En réponse aux tribunes d’Yves Tallineau (RF 137) et de Philippe Valldemosa (RF 138), Eric Mahé, informaticien et photographe, nous livre un point de vue contradictoire… et intéressant! Nous lui avons donc consacré cette tribune pour faire avancer le débat d’idées.

exemple de retouche avec Photoshop

J’ai commencé la photographie il y a plus de trente ans en ayant eu la chance de côtoyer des élèves de Jean-Pierre Sudre ou de Denis Brihat qui surent me donner les bases d’une photographie académique et « saine ». Après une période d’interruption de plus de vingt ans, je me suis remis il y a quatre ans à la photographie en choisissant un compromis qui me semblait idéal à l’époque: prise de vue argentique, scan des négatifs, retouches et impression avec Photoshop. Je suis passé depuis peu au 100 % numérique. Dans sa tribune intitulée « l’éthique d’HCB et les dérives du numérique » M. Tallineau pose une série de questions très intéressantes. Mon premier point de divergence tient à la notion de « modèle de référence ». Pour immense que soit l’œuvre de M. Cartier-Bresson, elle ne constitue en rien une référence absolue pour mes photographies et seules comptent mon imagination, ma sensibilité et les opportunités que mes flâneries de photographe ou de retoucheur peuvent m’offrir. Je ne me sens ni l’obligé ni le dépositaire d’une quelconque éthique qui aurait à me dicter ce que je suis en droit de faire ou de ne pas faire avec mes images. Le mois suivant, dans le même esprit, M. Valldemosa proposait « de constituer « le cercle des photographes humanistes » en confondant la technique et l’honnêteté.

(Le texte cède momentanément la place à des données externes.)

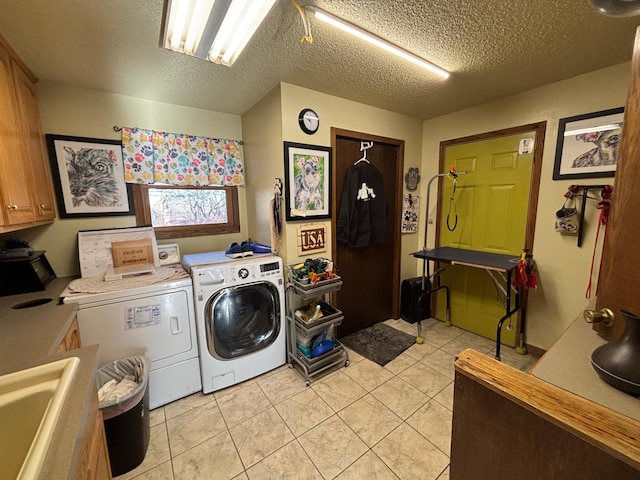 laundry room featuring a textured ceiling, light tile patterned floors, washing machine and dryer, a sink, and cabinet space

En quoi le fait d’utiliser une pellicule Tri-X serait-il plus garant de pureté qu’un capteur CMOS ? Suis-je un artiste de seconde classe ou un imposteur car je préfère utiliser un CoolPix et une souris Logitech ? N’est-ce pas justement l’homme qui fait la valeur d’une technique et non l’inverse? Victor Hugo serait-il moins un génie s’il s’était assis devant le clavier d’un ordinateur ? Il existe à mon avis deux types de photographies qui ne répondent pas aux mêmes exigences de vérité.

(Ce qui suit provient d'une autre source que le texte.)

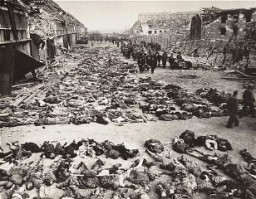German civilians remove the bodies of prisoners killed in the Nordhausen camp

– La première est le photojournalisme dont l’obligation est de fournir des images du réel sans traficotage car leur valeur tient justement dans leur intégrité.
– La deuxième – artistique, amateur, industrielle, publicitaire -photographie n’a aucune contrainte et son seul but est de créer de belles ou utiles images à usage commercial ou non.

Et puisqu’il est question de plaisir à la fin des commentaires de M. TaIlineau, plaisir qu’introniserait Henri Cartier-Bresson en alignant le cœur et l’objectif, je me permettrais de souligner qu’il n’existe pas là non plus qu’une seule vérité. Que le plaisir de voir son image se transformer sur l’écran de son ordinateur vaut bien celui d’attendre, en pleine obscurité, l’apparition d’une image latente dans une cuve. Juste une question de goûts personnels!